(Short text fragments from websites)
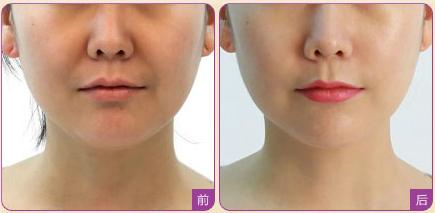 上海眉間紋醫(yī)療整形醫(yī)院強(qiáng)榜前10，選取眉間紋正規(guī)醫(yī)院指南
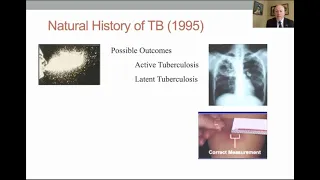 TB Elimination: Why Not Now? Session 2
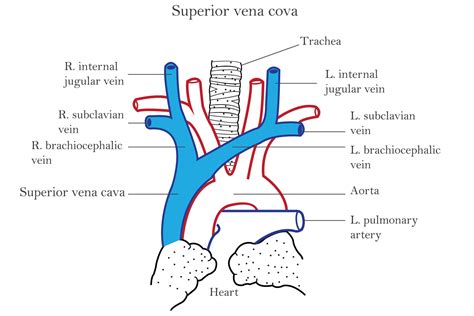 Superior Vena Cava Filter
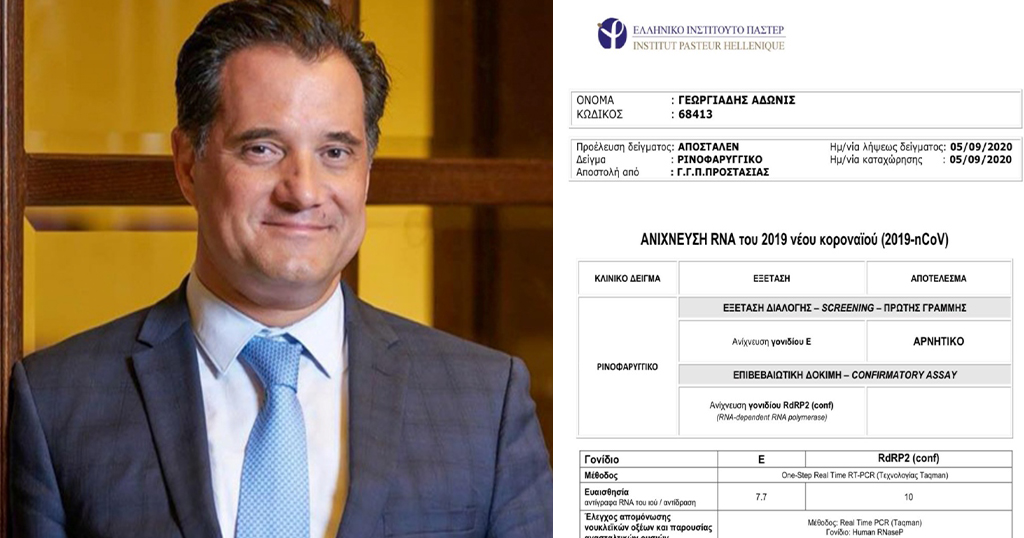 Άδωνις Γεωργιάδης: Δημοσίευσε το τεστ κoρoνοϊού που έκανε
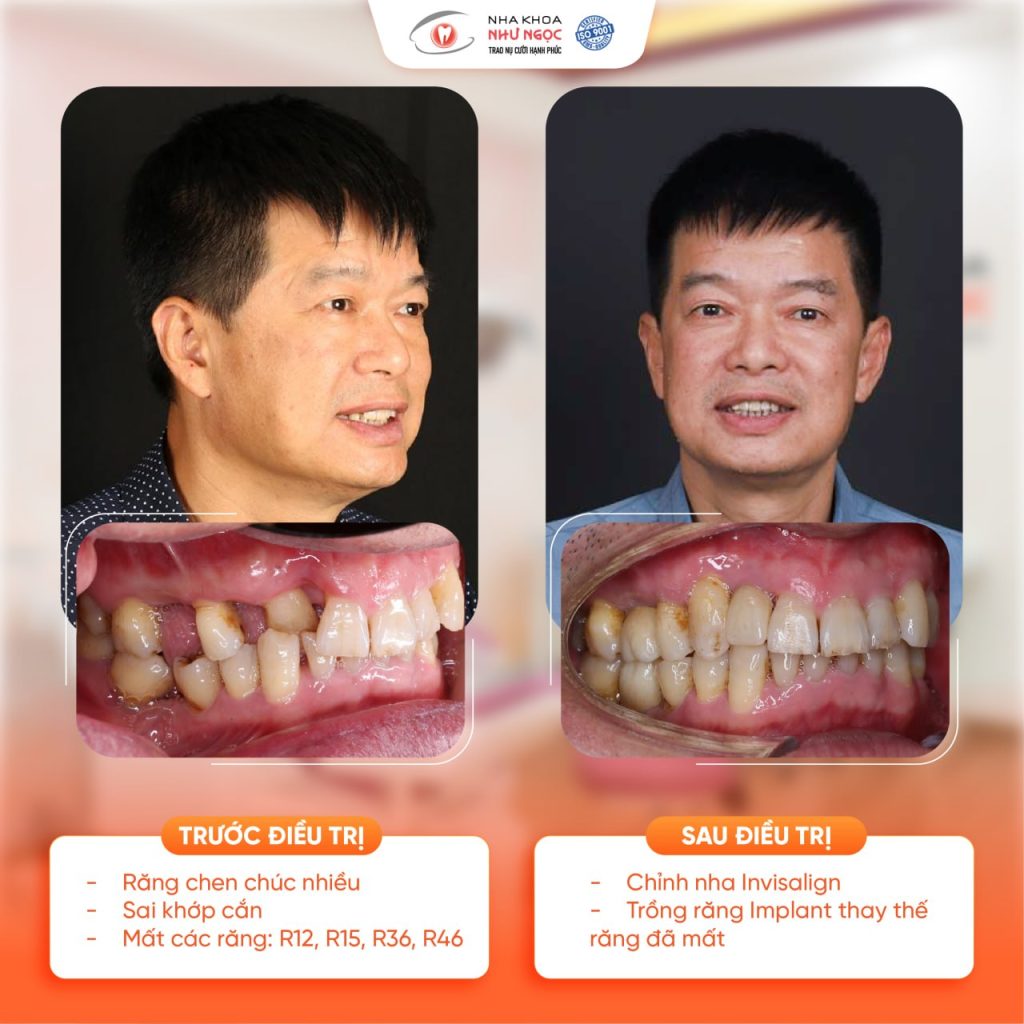 Nha khoa Như Ngọc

# [Task item]
Once you find the line with "TB Elimination: Why Not Now? Session 2", restate it and every later line of the data word for word, excluding the pictures.

# [Final answer]
 TB Elimination: Why Not Now? Session 2
 Superior Vena Cava Filter
 Άδωνις Γεωργιάδης: Δημοσίευσε το τεστ κoρoνοϊού που έκανε
 Nha khoa Như Ngọc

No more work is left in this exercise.